[Records shown Boundary: Start]

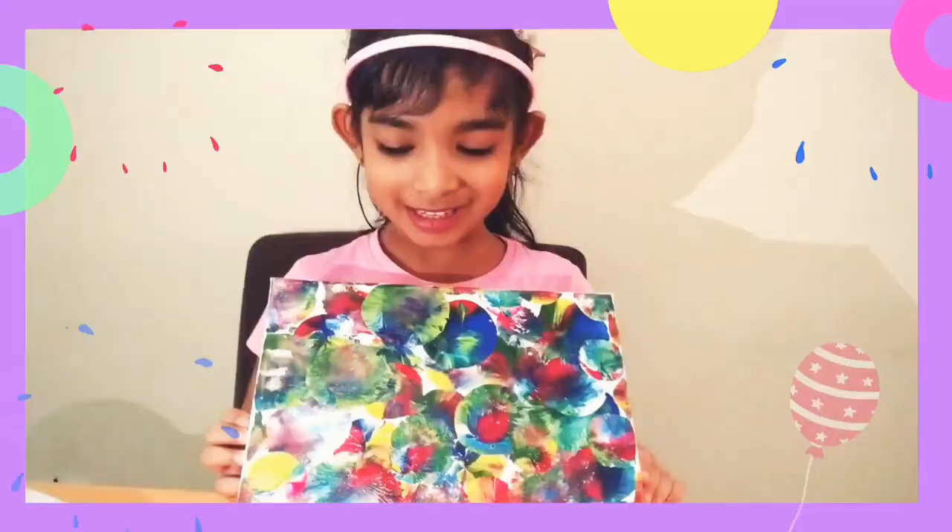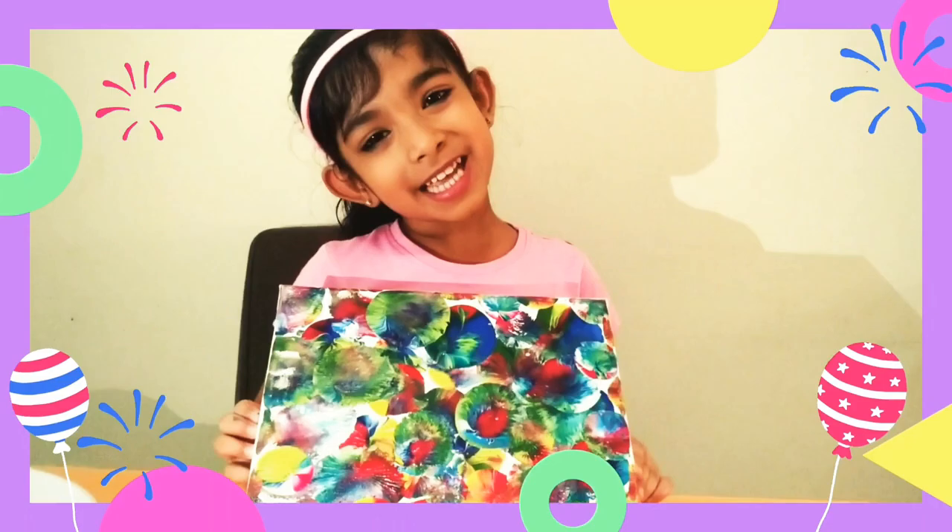You see? Now it's done. It's very beautiful. You see?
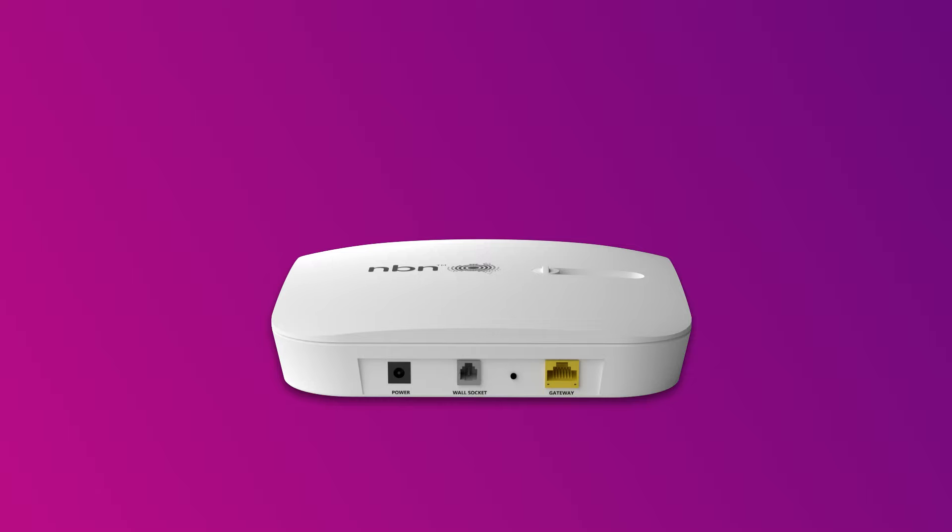If your home has been connected to the NBN before, there may already be an NCD at your premises. If not, we'll deliver one along with your modem.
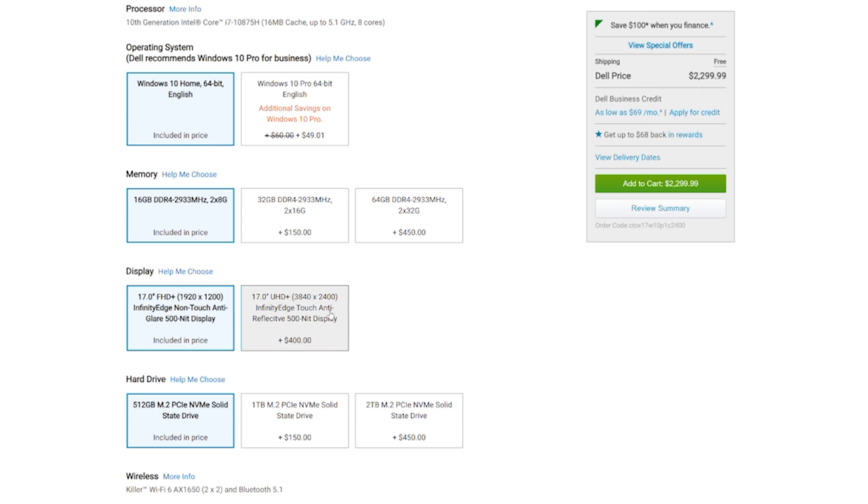I've seen both the 4K and the 1080p panels, and in my opinion it's not worth getting the 4K panels. Both the review units and the engineering samples I had were 4K units, but it's a $400 upgrade over the 1080p panel, and on a screen size that's 17 or 15 inches, it's really hard to appreciate a 4K panel.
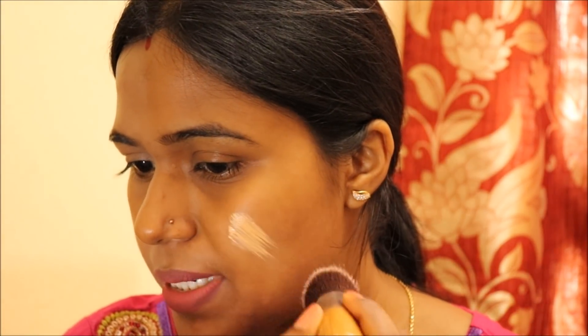Now for the other side of my face, I'll apply the Lakme Perfecting Liquid foundation using a separate buffing brush. I'll take a little bit of the foundation onto the brush and start buffing it onto my skin. You can see this is too light for my skin tone — it's looking quite white. I'll apply a little more extra under my eyes as well.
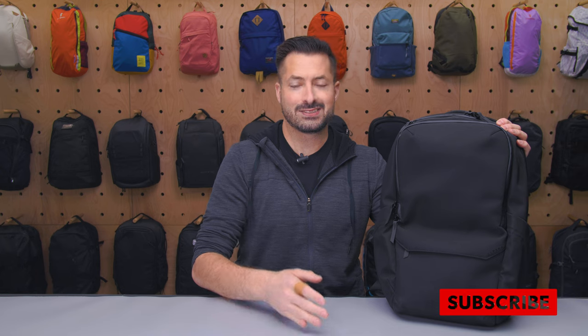Hey, it's time for Pack Hacker, and in this video we are taking a detailed look at the Alpaca Elements Pro Backpack, which I've been testing over the course of the last two weeks. If you like this video, hit like and subscribe to our channel so we can keep bringing you gear to help you travel smarter. Let's dive in.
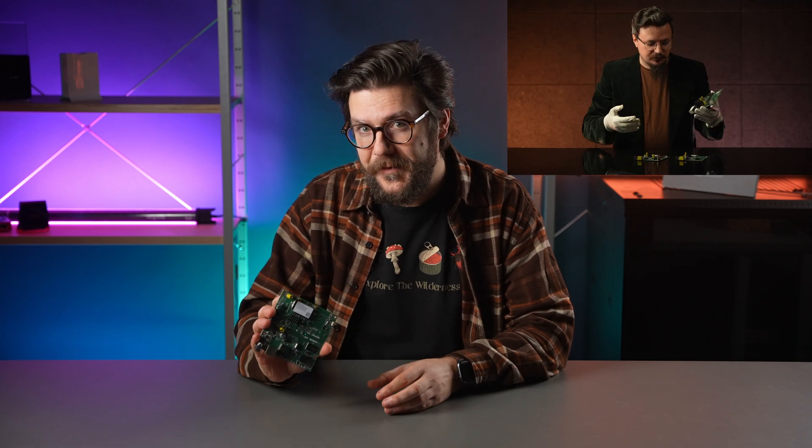Hi! Remember our last DIY video about the Routerboard products? Turns out everyone is really thirsty for custom DIY solutions. That's why we're announcing a Wi-Fi 6 reboot of the Routerboard series.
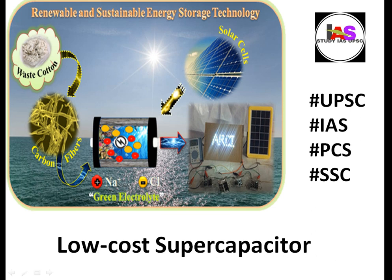Hi everyone, welcome to this low cost supercapacitor discussion. This topic is important for the UPSC, IES, PCS, and SSE exams. Let's take a look at the details. My name is Ganesh.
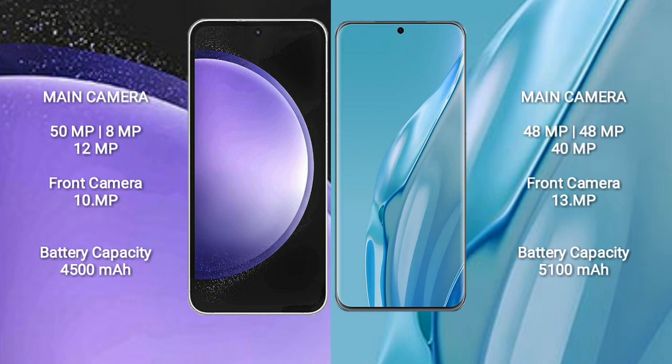Samsung Galaxy S23 FE: 50MP plus 8MP plus 12MP rear cameras and 10MP front camera. Huawei P60 Art features a triple rear camera setup: 48MP plus 48MP plus 40MP and a 13MP front camera.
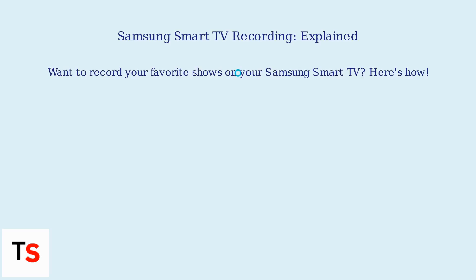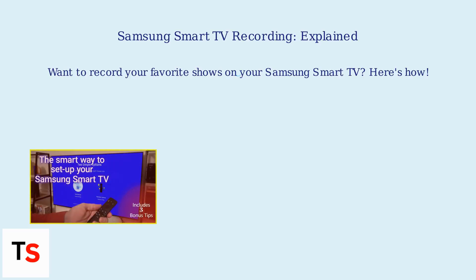Samsung Smart TV Recording, explained. Want to record your favorite shows on your Samsung Smart TV? Here's how.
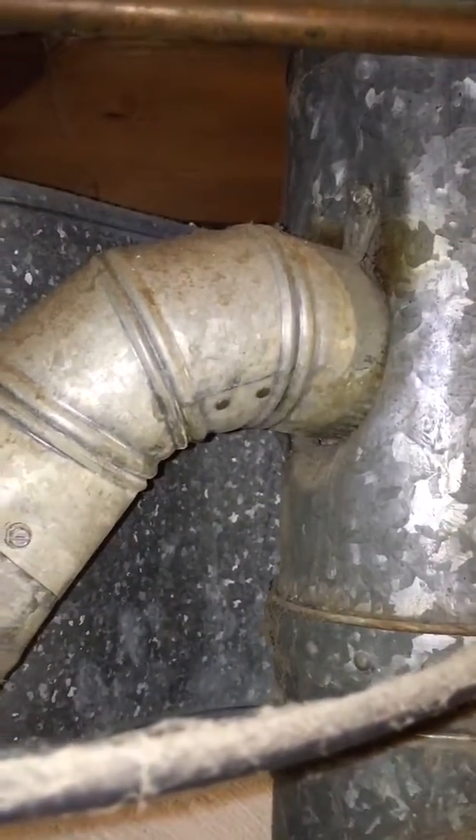They're also wanting to replace the water heater. We're going to have to figure something out with that flue, because I don't think that's going to be very satisfactory there.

[Records shown Boundary: End]

What is required:
Reproduce verbatim the opening line of the material and every line after it, up to and including the line with "I've seen both", but no pictures.

Answer area:
You see? Now it's done. It's very beautiful. You see?
If your home has been connected to the NBN before, there may already be an NCD at your premises. If not, we'll deliver one along with your modem.
I've seen both the 4K and the 1080p panels, and in my opinion it's not worth getting the 4K panels. Both the review units and the engineering samples I had were 4K units, but it's a $400 upgrade over the 1080p panel, and on a screen size that's 17 or 15 inches, it's really hard to appreciate a 4K panel.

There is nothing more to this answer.